Цитата: «Но именно во время блокады, как и у всех поэтов, выступающих в этих заметках, его стремление стать идеально, претворенно советским дает сбой, о котором я сейчас и хочу сказать. В огромном своде его блокадного письма происходит что‑то вроде утечки ядовитого (а на самом деле драгоценного) вещества — недисциплинированной памяти. И так возникает его многослойный блокадный город, где из‑под воодушевляющего плаката зияет раскуроченная взрывом тревожащая стена».
«Помнить по-нашему. Соцреалистический историзм и блокада Ленинграда»
Татьяна Воронина
О чем мы говорим, когда говорим о блокаде? Эта книга — про то, как менялось наше представление об этой трагедии, часто подменяя реальность. Татьяна Воронина рассказывает, как официальные советские нарративы представляли особую, героизированную версию блокады, о чем и почему умалчивали — и как к этой очищенной соцреалистической версии собственного опыта относились сами жители Ленинграда. Очень важное чтение для времени, когда история снова становится инструментом для политики, а не наоборот.
Цитата: «Невинные жертвы войны, в соответствии с советской версией прошлого, не были апатичными жертвами обстоятельств. Они понимались как активные участники исторического процесса: если могли, то они сражались, если у них не было такой возможности — делали все, что было в их силах, чтобы помочь „своим“ и победить врага. Это касалось и тех, кто умер от голода в блокаду, и тех, кого каратели сжигали в белорусских деревнях. Таким образом, они не исключались из публичной памяти, но играли вполне определенную роль — жертв фашизма и наиболее пострадавших героев.
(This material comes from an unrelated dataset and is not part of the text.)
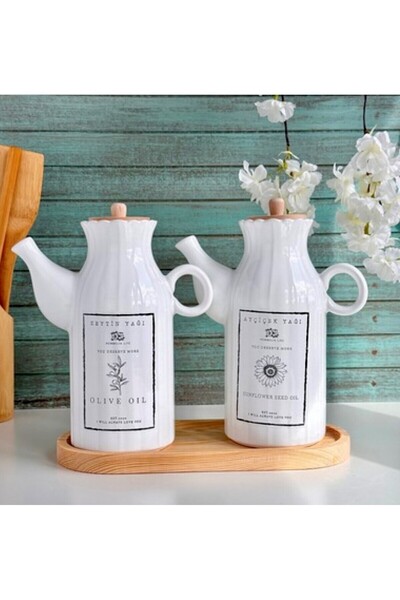Kitchen Pembelia 6 Parça Bambu Standlı Porselen 1000ml Yağdanlık Ve 3'lu Çay Şeker Türk Kahve Kavanoz Seti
В советских публичных репрезентациях о трагедии, как правило, говорилось в контексте преодолеваемых трудностей. История блокады Ленинграда не стала исключением из правила. При всей своей схожести „исходных данных“ — огромное число погибших, состав пострадавших (в первую очередь гражданские лица) — она не стала „советским холокостом“. Я полагаю, это произошло потому, что, во-первых, в СССР не существовало подходящего языка рассказа об истории как трагедии. Описанные по-советски жертвы холокоста немедленно превращались в героев-антифашистов. Во-вторых, в СССР, а затем и в России не существовало серьезных политических сил, заинтересованных в придании блокаде других смыслов. Традиция рассказа о войне в СССР предполагала вполне определенный модус в презентации: победа была важнее испытанных людьми ужасов».
«Сурвило»
Ольга Лаврентьева
Когда память о тридцатых и сороковых — самых страшных годах в истории страны — начала притупляться, нашелся еще один способ оживить их в памяти: языком графики. Ольга Лаврентьева рассказывает историю своей бабушки, трагическую и типичную: репрессированный отец, ссылка в Башкирию, затем — возвращение в Ленинград, смерть матери, блокада, работа санитаркой в тюремной больнице НКВД. И, несмотря ни на что, долгая жизнь после: Валентина Викентьевна Сурвило смогла подержать в руках собственную историю, записанную и зарисованную внучкой. Сочетание экспрессивности с документальной достоверностью позволяют взглянуть на жизнь одного человека в блокадном городе одновременно изнутри и снаружи — и понять больше, чем иной раз поймешь из нескольких томов конвенциональной прозы.
Источник
«Блокадная книга»
Даниил Гранин, Алесь Адамович
Впервые напечатанная с купюрами в «Новом мире» в 1977 году, много раз переизданная с тех пор и один раз даже прочитанная перед камерой режиссера Александра Сокурова, «Блокадная книга» — это то, что должно стоять на полке в каждой петербургской семье. Адамович и Гранин собирали, записывали, компоновали документальные свидетельства и интервью. В поисках свидетелей ходили по ленинградским коммуналкам, натыкаясь на неизбежный вопрос «А вам зачем?». К концу семидесятых ленинградская блокада была почти запретной темой: о ней не хотели слышать и те, кто ее пережил, и официальная пропаганда, хотя сама Вторая мировая война как таковая всегда оставалась предметом священным. Так русская культура впервые встала перед болезненной загадкой «ленинградского стыда»: советские Афины, которым внезапно выпала участь Спарты, не хотели касаться своих ран. «Блокадная книга» не дает ответа на вопрос, почему. Она впервые описала раны. Упоминания о людоедстве, о совместных банях мужчин и женщин, равно превратившихся в ходячие безразличные мумии, советская цензура, конечно, вымарала: за какую грань перешли ленинградцы, никому не хотелось ни знать, ни вспоминать.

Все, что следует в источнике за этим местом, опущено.